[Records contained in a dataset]
※ ※ ※

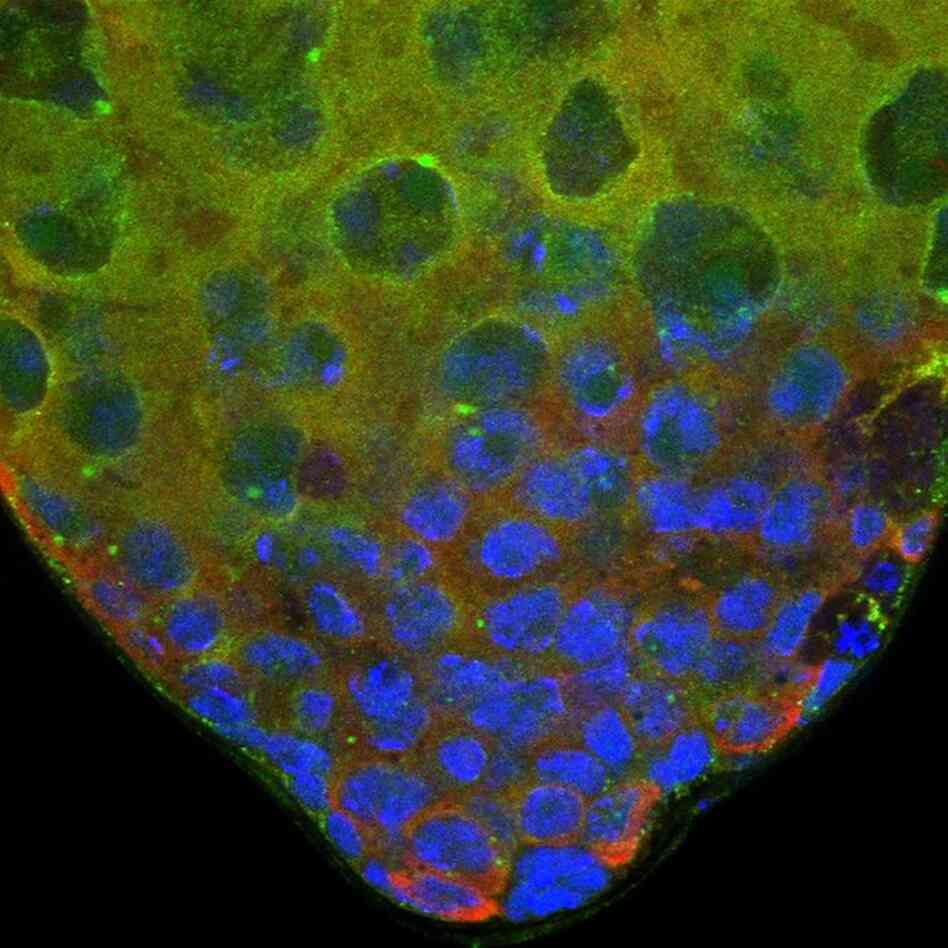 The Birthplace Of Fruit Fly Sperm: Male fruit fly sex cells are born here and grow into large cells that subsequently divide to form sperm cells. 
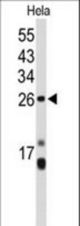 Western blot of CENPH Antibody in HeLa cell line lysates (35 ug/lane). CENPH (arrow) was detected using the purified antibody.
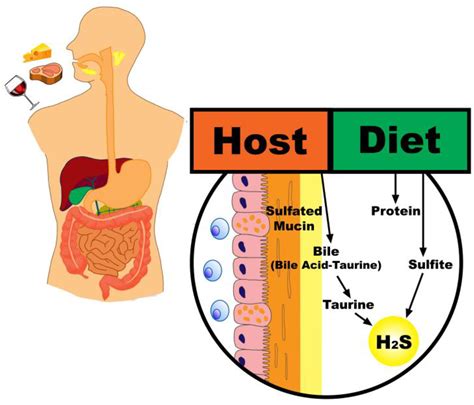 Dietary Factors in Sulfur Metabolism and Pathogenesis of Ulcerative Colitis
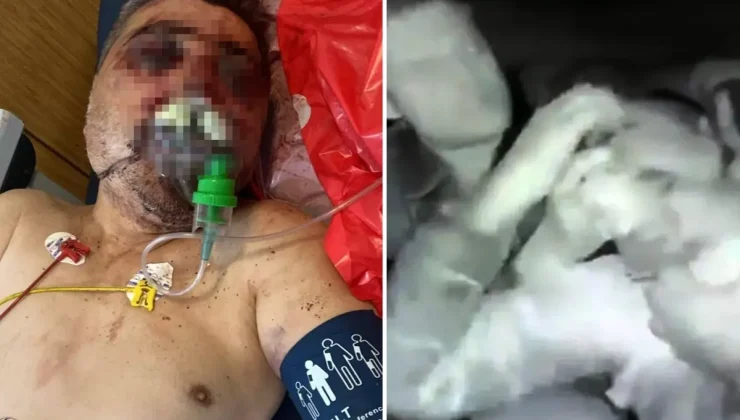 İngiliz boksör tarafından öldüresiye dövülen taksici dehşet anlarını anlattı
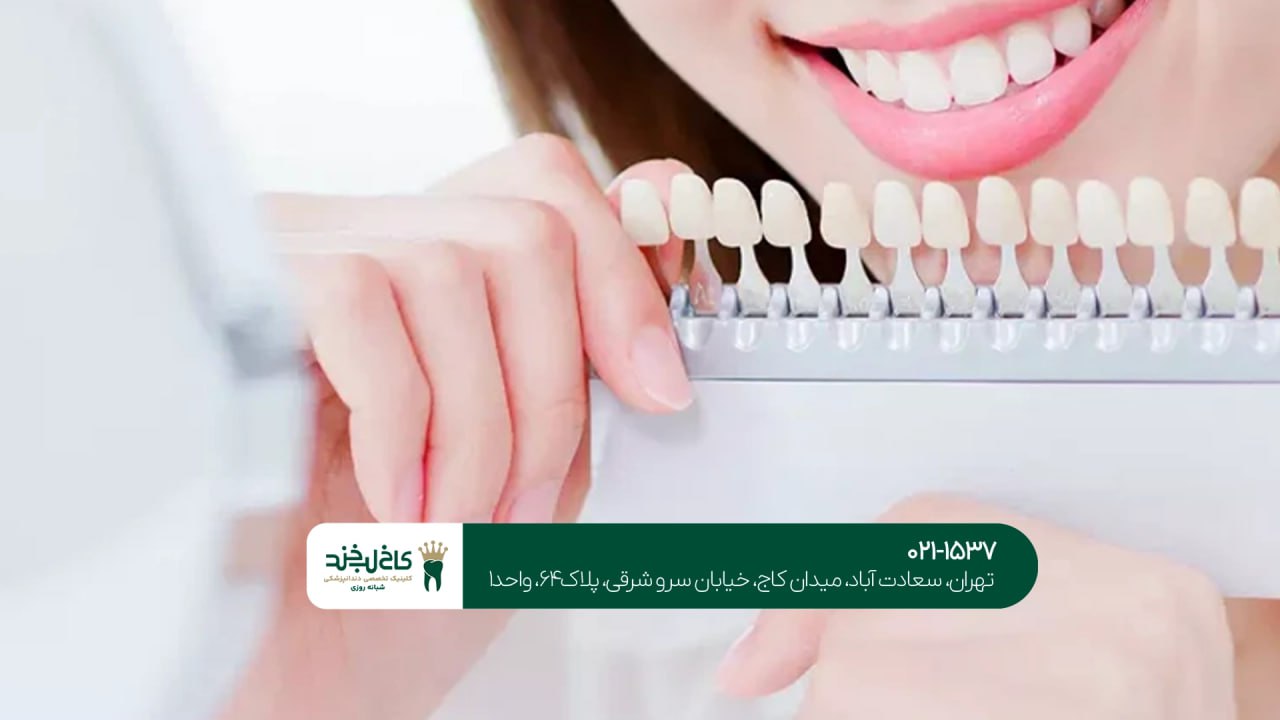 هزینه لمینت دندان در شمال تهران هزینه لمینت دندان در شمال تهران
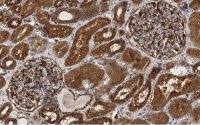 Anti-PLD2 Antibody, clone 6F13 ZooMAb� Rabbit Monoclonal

※ ※ ※

WHAT THE TASK ASKS
Set down all the entries above verbatim, and include none of the pictures.

SOLUTION BELOW
 The Birthplace Of Fruit Fly Sperm: Male fruit fly sex cells are born here and grow into large cells that subsequently divide to form sperm cells. 
 Western blot of CENPH Antibody in HeLa cell line lysates (35 ug/lane). CENPH (arrow) was detected using the purified antibody.
 Dietary Factors in Sulfur Metabolism and Pathogenesis of Ulcerative Colitis
 İngiliz boksör tarafından öldüresiye dövülen taksici dehşet anlarını anlattı
 هزینه لمینت دندان در شمال تهران هزینه لمینت دندان در شمال تهران
 Anti-PLD2 Antibody, clone 6F13 ZooMAb� Rabbit Monoclonal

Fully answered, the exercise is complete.